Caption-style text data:
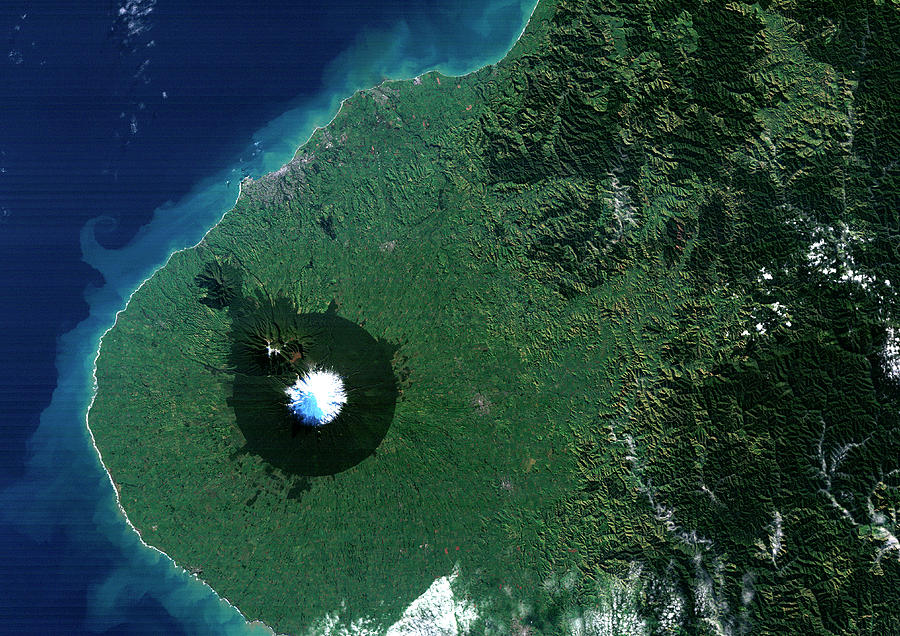 Mount Egmont Photograph by Planetobserver/science Photo Library - Pixels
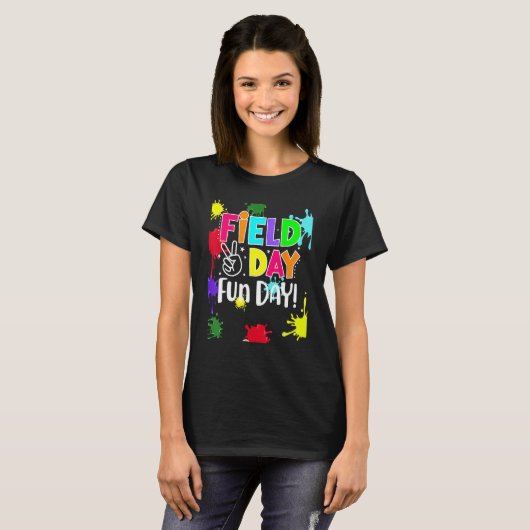 Field Fun Day Squad School Trip Vibes Boys Girls T T-shirt (Voorkant volledig)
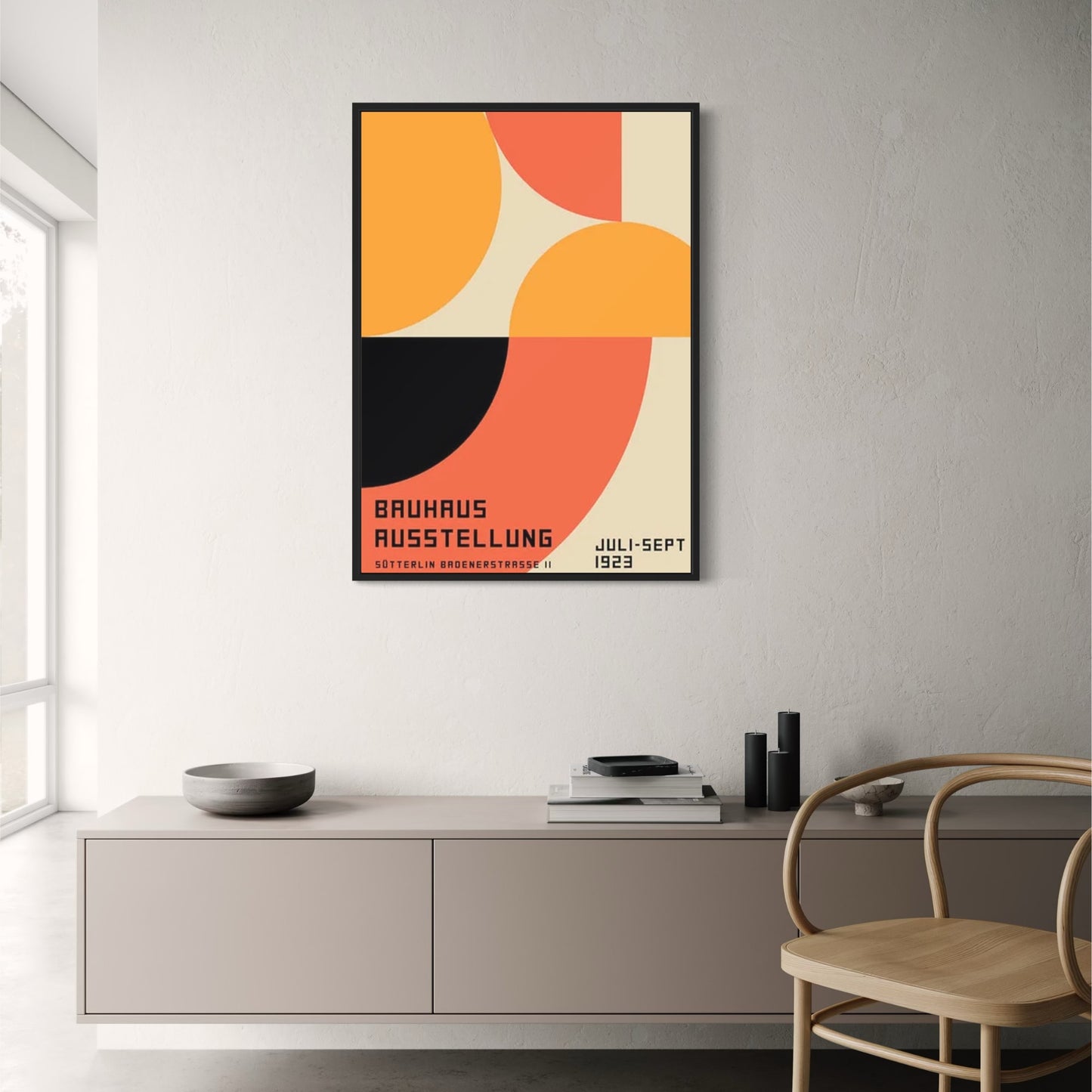 Bauhaus Cerulean Rhythm | Blue Abstract Design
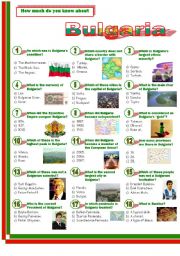 English Worksheet: Bulgaria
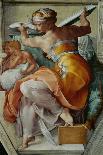 The Sistine Chapel; Ceiling Frescos after Restoration, the Libyan Sibyl-Michelangelo Buonarroti-Giclee Print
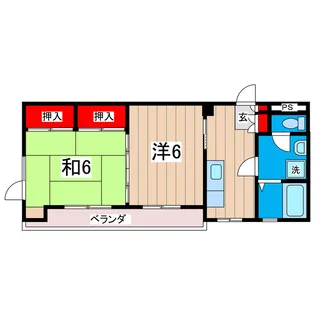 助川2丁目まるたかビル【3階】の間取り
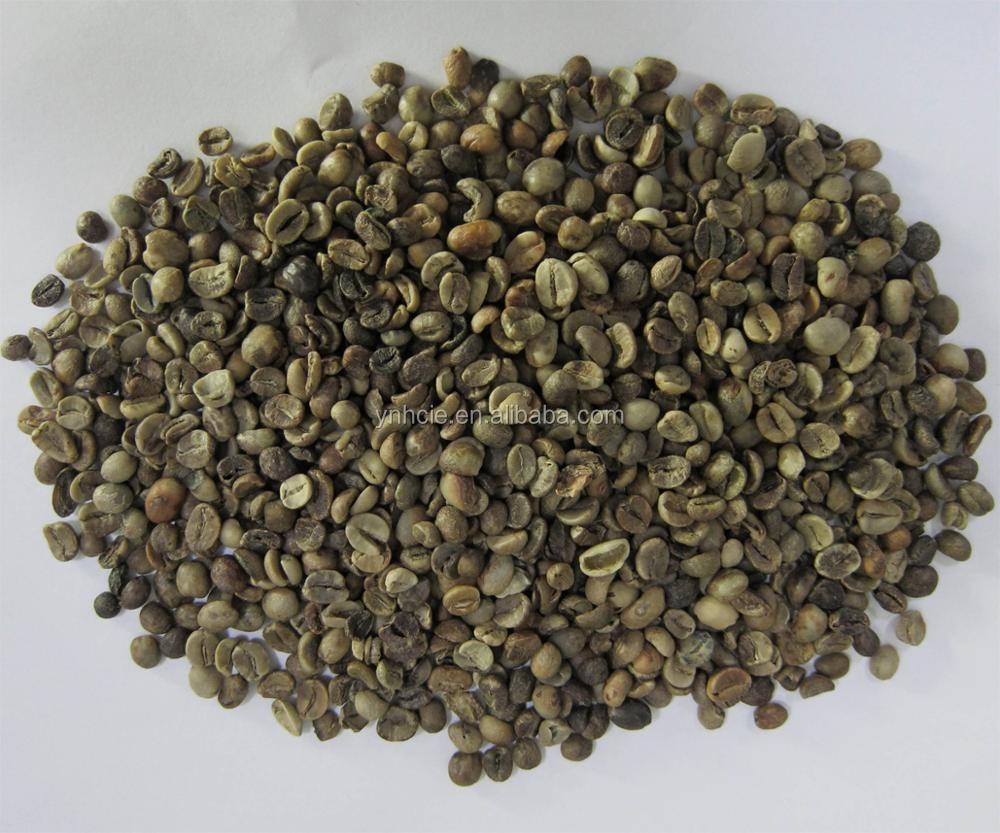 Китайские кофейные зерна измельченные, класс А, arabica tyye, новый урожай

> [Exercise requirements]: Extract the entries in full, exactly as they are, minus the pictures.

> [Task answer]:
 Mount Egmont Photograph by Planetobserver/science Photo Library - Pixels
 Field Fun Day Squad School Trip Vibes Boys Girls T T-shirt (Voorkant volledig)
 Bauhaus Cerulean Rhythm | Blue Abstract Design
 English Worksheet: Bulgaria
 The Sistine Chapel; Ceiling Frescos after Restoration, the Libyan Sibyl-Michelangelo Buonarroti-Giclee Print
 助川2丁目まるたかビル【3階】の間取り
 Китайские кофейные зерна измельченные, класс А, arabica tyye, новый урожай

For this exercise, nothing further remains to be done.